Much of the evolution on aviation protective clothing resulted from the accelerated developments in the human-driven air defense capability of nations. Wars, particularly the last two world wars, significantly speeded up the development of protective flying suits in parallel with a similar developmental speed in aircraft technology, essentially beyond the motorist clothing where flight clothing used to regard as inspiration and even as clothing source (Rood, 2014). Since the beginning of the flight clothing history, protective apparel technology had to improve in its capability to maintain the aircrew’s combat effectiveness and even advantage. Consequently, during the early years of combat aviation, the developments of protective clothing technology for aviators were primarily reactive.
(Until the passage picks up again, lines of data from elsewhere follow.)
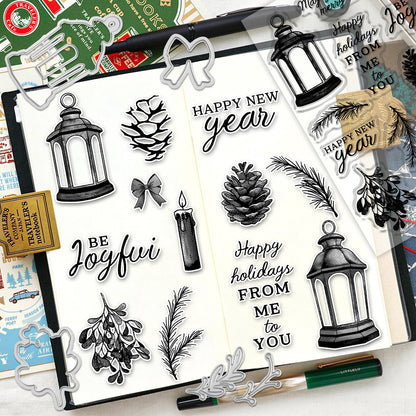 Christmas Candle Lights Dies & Stamps Set
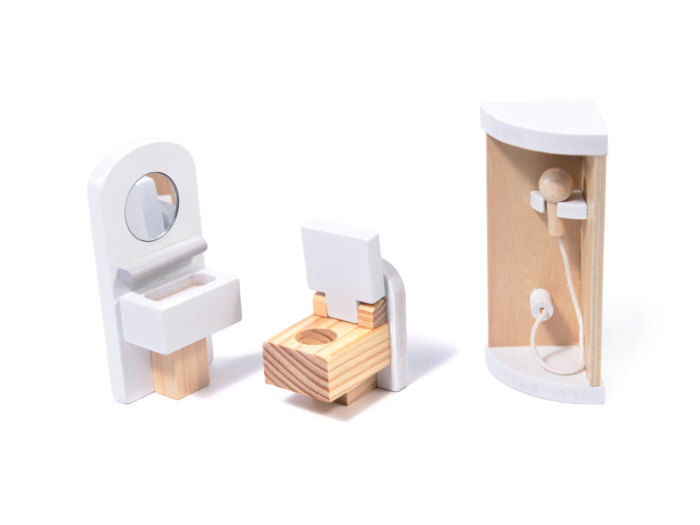 Casa de papusi mare din lemn cu 3 etaje, 4 camere, terasa, mobilier si iluminare LED, 62x27x78 cm, alb [17]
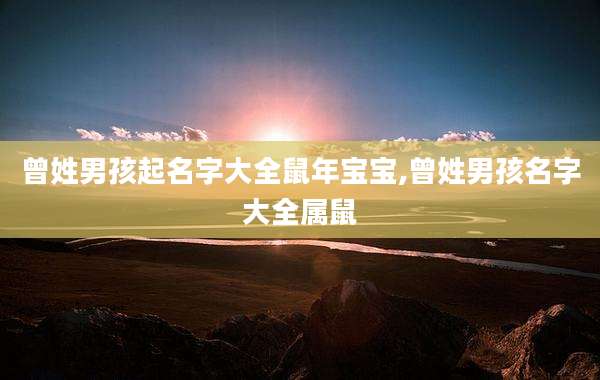 曾姓男孩起名字大全鼠年宝宝,曾姓男孩名字大全属鼠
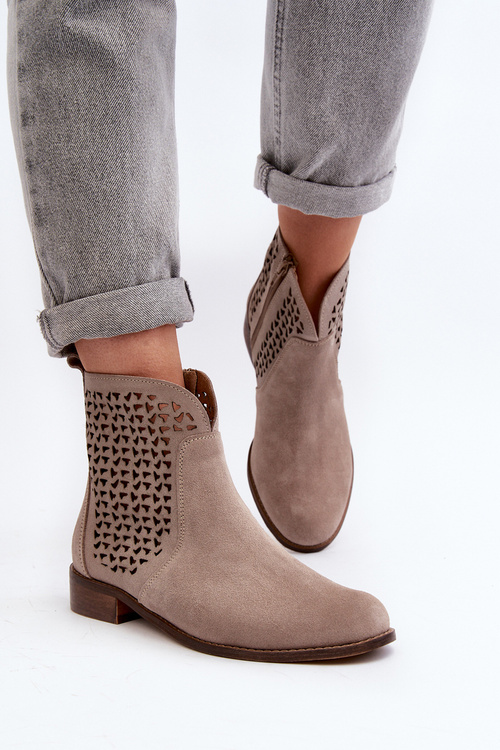Zazoo 2791 Zamszowe Ażurowe Botki Beżowe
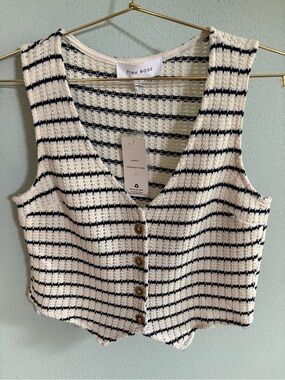 Pink Rose Cream and Black Striped Knit Button-Front Cropped Vest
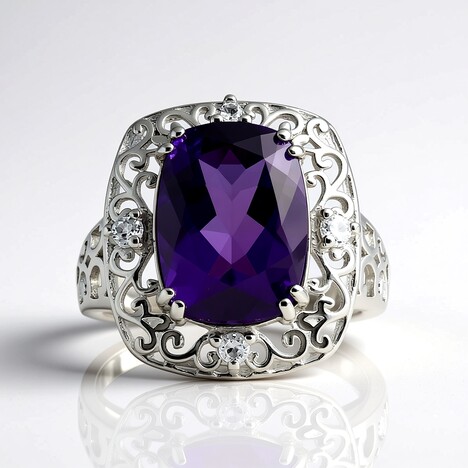 Bague en argent et Améthyste du Maroc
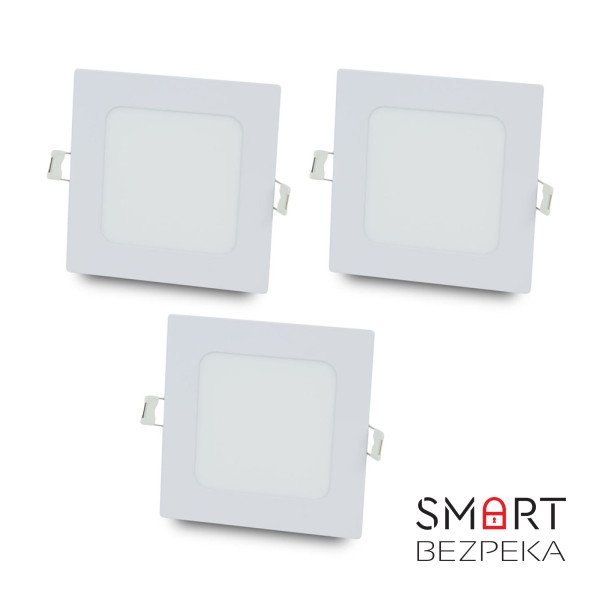 Комплект із 3-х світильників світлодіодних LIGHTWELL LW-SQ-RCD-9 9 W квадрат, вбудований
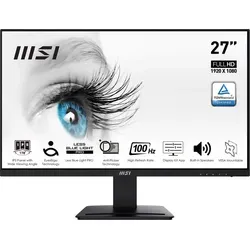 MSI Pro MP273A 27" Full HD Monitor - 27" Full HD Monitor mit 1920 x 1080 Pixeln, 1 ms Reaktionszeit und VESA-Halterung. Ideal für Gaming und Büroarbeit mit herausragendem Betrachtungswinkel von 178°.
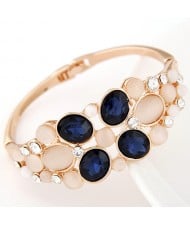 Czech Rhinestone and Opal Embedded Gem Cluster Fashion Bangle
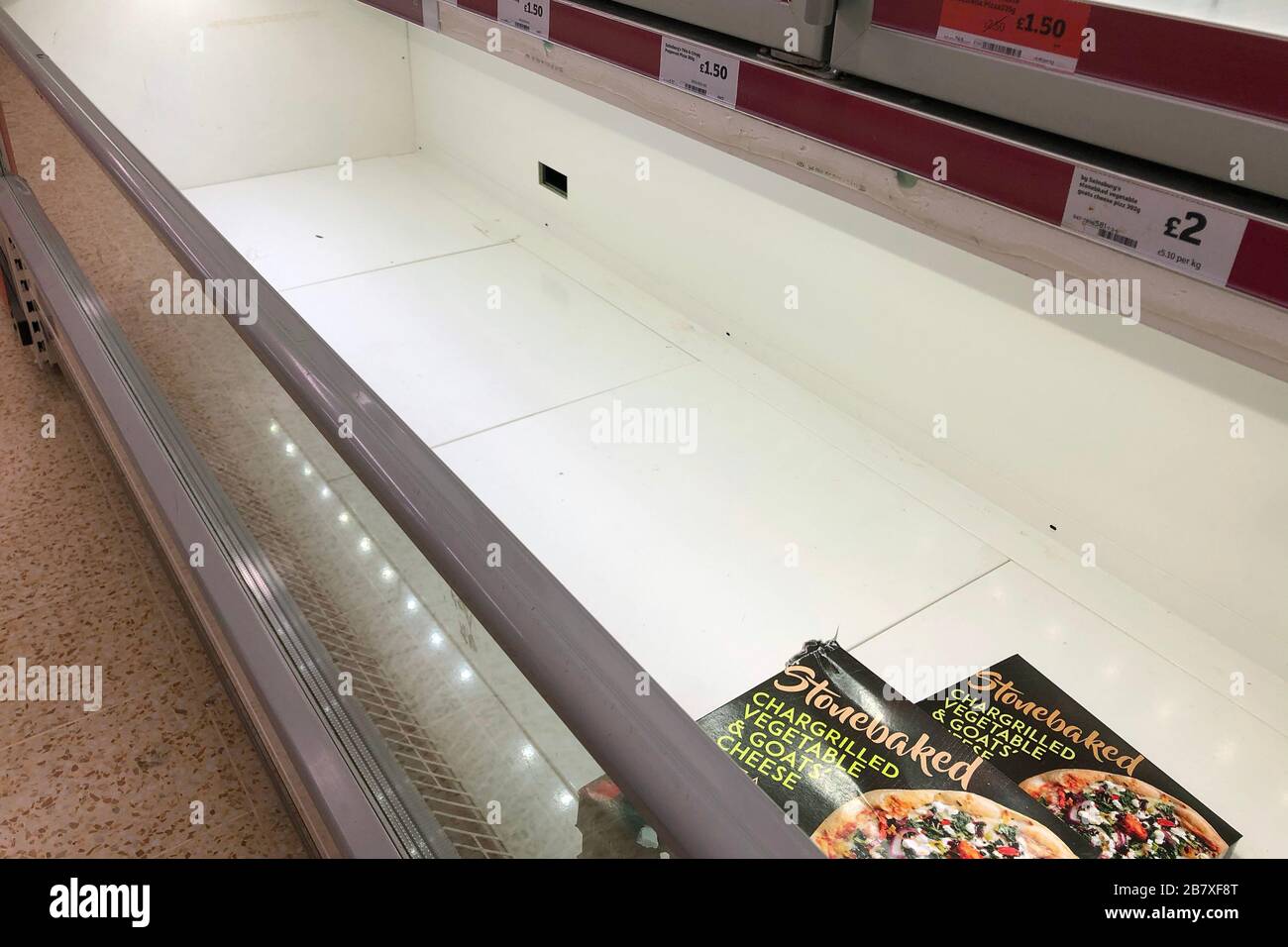 Empty shelves in a Sainsburys store on March 18, 2020 in Upton, Wirral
Today, however, the growth in commercial aviation provides a different environmental context than was not present in the early years of aviation from which the use of protective flight clothing originated. The branching of aviation from combat to commercial consequently affects the need for protective flight uniforms among pilots. It is clear though that the focus on protective flight clothing remained in combat aviation and unheard of in commercial aviation. Moreover, occupational health and safety guidelines require other service occupations, such as non-aviation military personnel, factory workers, and even sports drivers, to wear protective clothing as their basic uniform or as a covering to their standard uniforms.
Thus, it becomes logical to wonder over this lack of utilization for protective flight clothing among commercial pilots, considering the physical hazards of the profession in the event of crashes, which can take their lives. Is it a decision made by the airline management or by the commercial pilots themselves? This Capstone Project aims to explore the protective flight clothing industry, particularly in relation to aviation history and to the context of commercial airline use.
2.0 ORGANIZATON OF THE PAPER
Finally, Part IV will explore the future prospects of aviation protective uniforms in the context of the market and segment and of commercial aviation as well. This will include a discussion on the factors that may determine adoption of protective flight uniforms in the commercial aviation industry.
LITERATURE REVIEW
ADVANTAGES AND DISADVANTAGES OF PROTECTIVE FLIGHT CLOTHING
Advantages of aviation protective uniforms
Protect pilots from physical harm against various physical threats (Rood, 2014). This is often applicable to combat pilots; although terrorist acts also expose civil pilots;
Shield and isolate the pilots from chemical, physical, and biological hazards encountered, especially in hijacks where perpetrators use any of these weapons (Mueller, 2015);
Protect pilots’ ability to fly and communicate effectively (Rood, 2014), particularly when weather or biological hazards are involved;
Ensure continuing mental agility (Rood, 2014) as a consequence of physical protection;
When used as pilot uniforms, protective clothing conveys professionalism, competence, and experience (Pride, et al., 2012)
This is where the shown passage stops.